Recursive fetch of RSS documents. The supplied URL is downloaded and loaded into an XML document. There it is tested to ensure it is an XML document. The RSS feed is assumed to contain only links. These links may be to HTML pages or other (sub RSS feeds). The HTML pages are end points of the process. They are downloaded but any links they may contain are recorded but not followed.

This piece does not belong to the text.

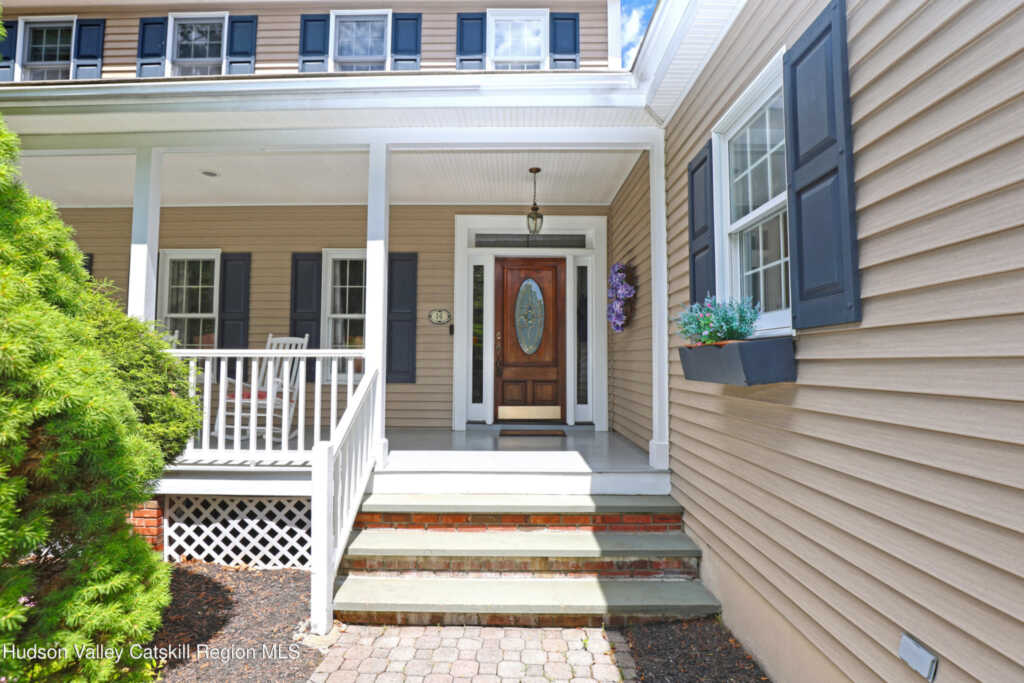 14 Amy Court, Kingston, NY 12401 - Photo 2 of 49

The sub-RSS feeds are then processed by recursive call to this function.
| Return Type | Function name | Arguments |
|---|---|---|
| hzEcode | hzWebhost::getRss_r | (HttpRC&,hzUrl&,uint32_t,) |
Declared in file: hzHttpClient.h
Defined in file : hzHttpClient.cpp
Function Logic:
Function body:
hzEcode hzWebhost::getRss_r (HttpRC& hRet)hzUrl& feed, uint32_t nLevel,
{
// Recursive fetch of RSS documents. The supplied URL is downloaded and loaded into an XML document. There it is tested to ensure it is an
// XML document. The RSS feed is assumed to contain only links. These links may be to HTML pages or other (sub RSS feeds). The HTML pages
// are end points of the process. They are downloaded but any links they may contain are recorded but not followed. The sub-RSS feeds are
// then processed by recursive call to this function.
//
// Arguments: 1) hRet Set by this operation
// 2) feed The RSS URL
// 3) nLevel RSS Hierarchy
//
// Returns: E_NODATA If the download failed
// E_TYPE If the downloaded material does not appear to be XML
// E_FORMAT If the downloaded material could not be loaded into an XML document
// E_ARGUMENT If the RSS tags are not defined
// E_NOTFOUND If no tags were found in the RSS
// E_OK If the RSS data was collected
_hzfunc("hzWebhost::getRss_r") ;
hzVect<hzXmlNode*> linx ; // Links found in (this) RSS feed page
hzVect<hzUrl> todo ; // Links found in RSS feed page (additions to this are controlled by the set above)
hzDocXml X ; // For loading of RSS feed pages and extraction of links
hzXmlNode* pN1 ; // Nodes (containing <item>)
hzXmlNode* pN2 ; // Nodes (containing <item> subnodes of title, link, description)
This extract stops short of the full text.